Gedab News (April 18, 2010): Cash strapped and facing sanctions and asset-freezes, the Government of Eritrea has issued an order to its embassies to annul all Eritrean Passports and to require Eritrean passport-holders to apply for new ones by paying USD $200 (for expatriates) and Nakfa 3000 for Eritrean residents.
Unlike the old passports, which were valid for 5 years, the new ones will have to be renewed every 2 years. It appears that the purpose of the directive is not just as means to generate an immediate cash infusion but also stricter control of the Diaspora who were visiting Eritrean embassies only once every 5 years.
This is not the first time that the government has modified its passport policy, whose primary objective appears to be not to facilitate free movement of the people but a means to generate cash and to condition citizenship on one’s compliance with government policies.
Passport As Source Of Income
In 1998, shortly after the ignition of war with Ethiopia, the hard currency strapped Eritrean government began selling Eritrean passports to the “Bedoun”—literally “without”—stateless people who lived in Kuwait. The Eritrean government was not subtle about this: it advertised the availability of the passports in Arabic magazines in Kuwait.
In 2006, the Eritrean government offered Eritreans who want to leave the country legally a rare opportunity: for 100,000 Nakfa, they could be offered an exit visa, so long as they renounced their citizenship and agreed, in writing, never to come back. This policy was reversed immediately after the immigration office became inundated with requests.
Passport As A Political Tool
Given the high rate of defection, the government has instituted a policy on its senior officials: they are to maintain their passports at the security office of the Asmara Airport. The passport is handed to the officials only after the security office confirms with the Office of the President that the official is permitted to leave Eritrea.

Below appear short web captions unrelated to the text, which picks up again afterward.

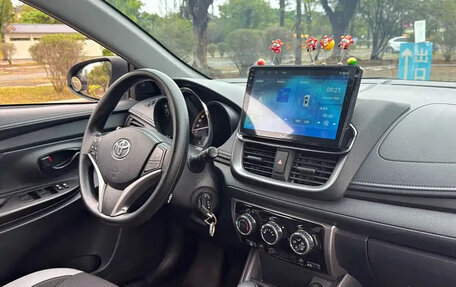 Toyota Yaris XP150 рестайлинг, 2023 год, 1 051 380 рублей, 15 фотография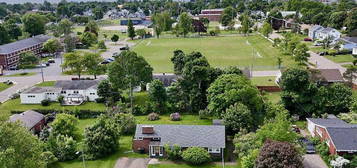 258 Coronation Ave, Summerside, PE C1N 2E7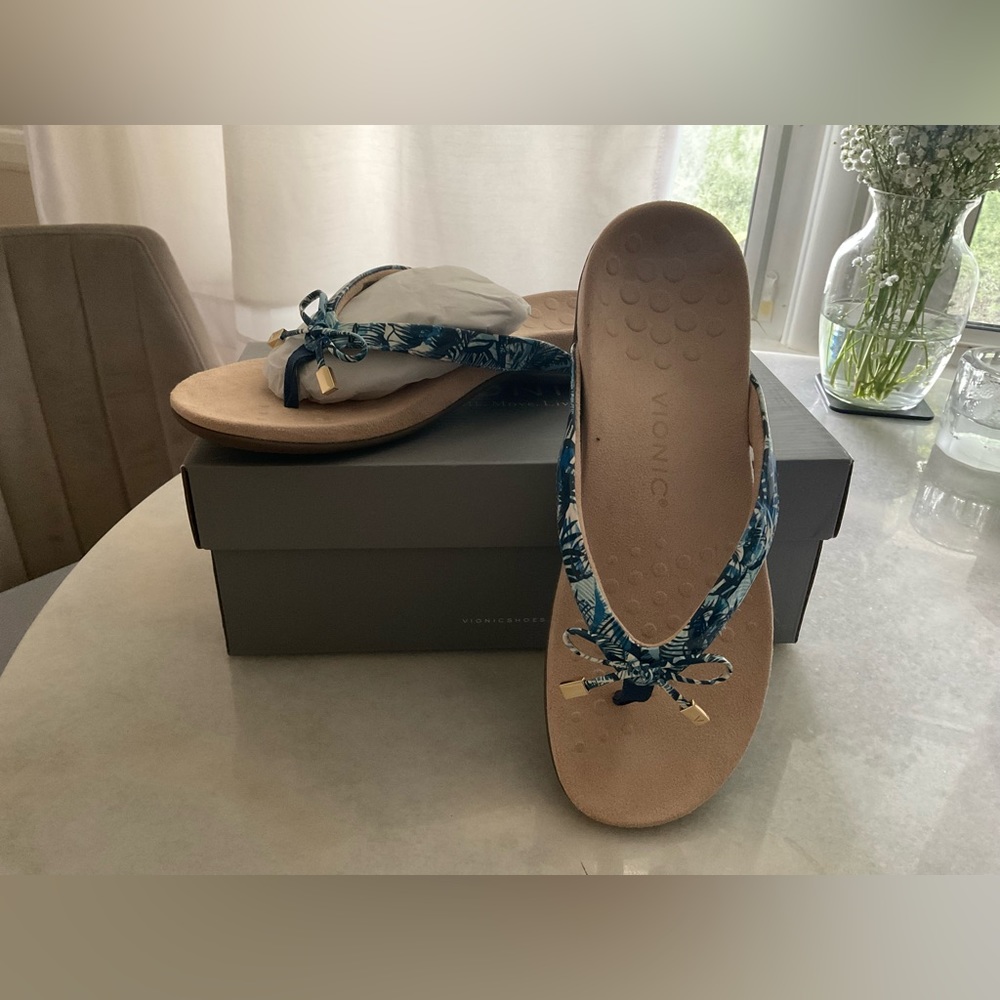 Vionic Bella Blue Palm toe post sandals SZ9.5M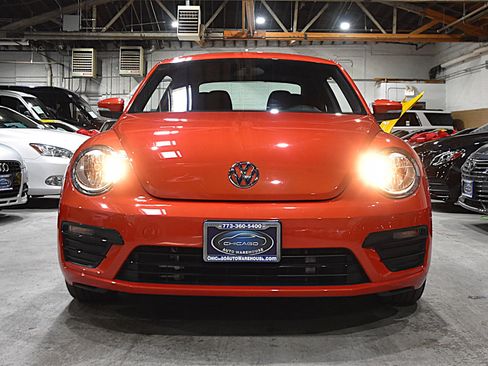 Used 2019 Volkswagen Beetle 2.0T S image 2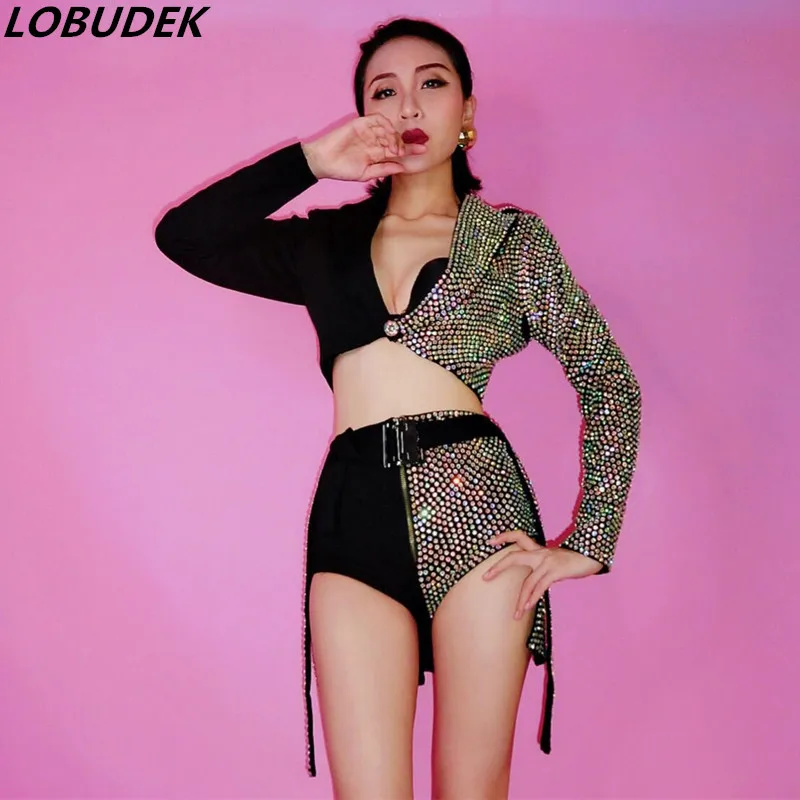 Женский короткий костюм двойка AB жакет со стразами и блестящими кристаллами для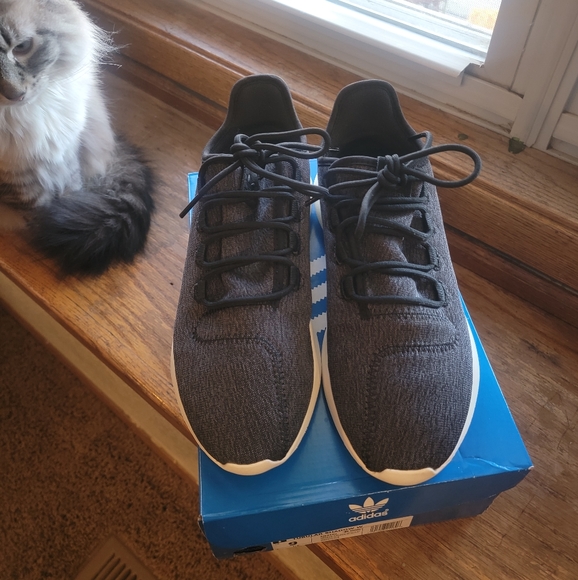 Additas shoes size 9 NWB - Picture 2 of 7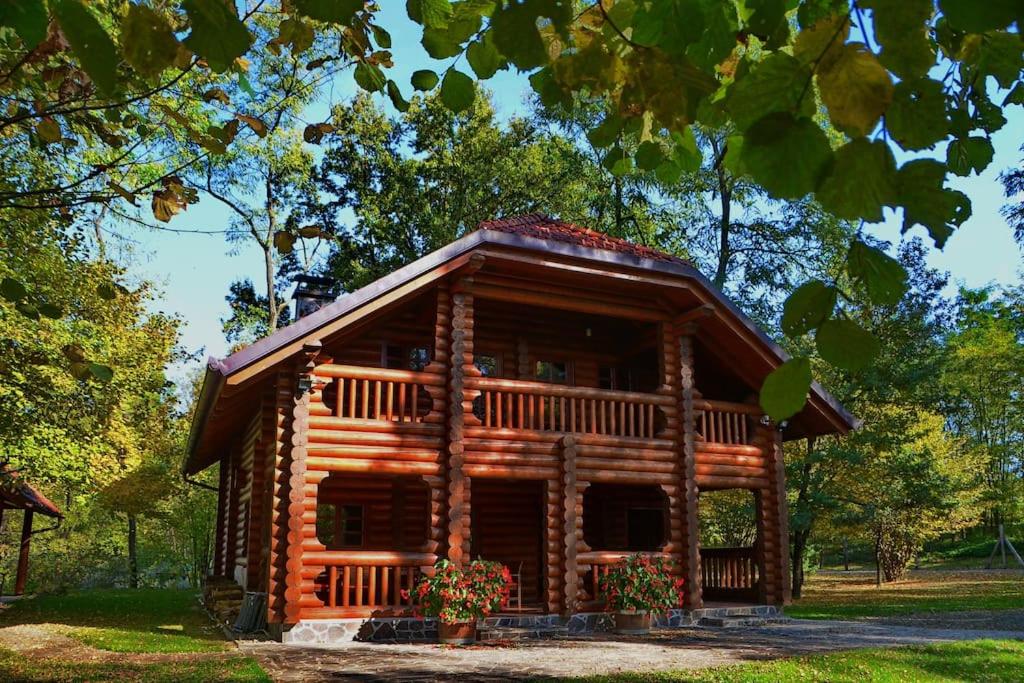 Luxury Chalet at Podlipje Estate - B&B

The Eritrean passport which, by definition, is supposed to be the preserve of Eritrean citizens has also been doled out by the hundreds to foreign nationals who happen to be political allies of the government. Since the 1990s, the Eritrean government has issued hundreds of Eritrean passports to Sudanese, Ethiopian and Somali nationals, many of whom had been encamped in Eritrea as they waged their political and military campaigns against their native countries.
According to Kenya’s The Daily Nation (August 7, 2009), the Kenyan authorities deported two Eritreans, Hannibal Menghstie [sic] and Tewelde Habte Negash. The diplomat had been deported a month earlier and he returned to Kenya with a diplomatic passport.

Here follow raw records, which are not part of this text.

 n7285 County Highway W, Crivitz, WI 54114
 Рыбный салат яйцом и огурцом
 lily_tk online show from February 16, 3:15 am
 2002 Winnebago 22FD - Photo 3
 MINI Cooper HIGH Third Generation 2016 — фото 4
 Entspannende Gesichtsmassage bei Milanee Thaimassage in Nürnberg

The decision to reduce the expiration date of the passports from 5 to 2 years will be specially onerous on Eritreans residing in Middle Eastern countries who are required to have valid passports from their native country to secure employment in their host countries. When renewing their passports, they are asked to pay the passport fee, any 2% income tax in arrears (tax on income generated in the host country), as well as any other fee that was imposed by the ruling party (national defense fee, adopt-a-martyr fee, fight-the-sanction-fee, etc.)

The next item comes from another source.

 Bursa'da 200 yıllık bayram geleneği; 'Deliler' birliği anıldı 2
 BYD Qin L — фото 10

Another rationale for changing the passports could be the government’s plan to make it difficult to track carriers of Eritreans passport with numbers already in international security data bases who are or will be included in the wanted list. For example, Yemane Gebreab, who is the Special Advisor to President Isaias Afwerki, as well as the Political Director of PFDJ (the ruling party) and the founder of the YPFDJ (its youth franchise), was named in President Obama’s executive order 13536 of April 12, 2010, as an individual whose assets should be frozen. He is also likely to be listed in the UN Sanction Committee’s list of individuals who are prohibited from traveling. Presumably, Yemane Gebreab, whose address is listed as being in 12 Keren St, Asmara, Eritrea, will be issued a new passport with a new address.
Apart from Yemane, several leaders and members of the Somali armed groups also carry Eritrean passports including Mukhtar Robow for whom the Eritrean government chose the town of Keren as a birth place. Muktar was included in The U.S. Department of the Treasury list on Nonember 20, 2008.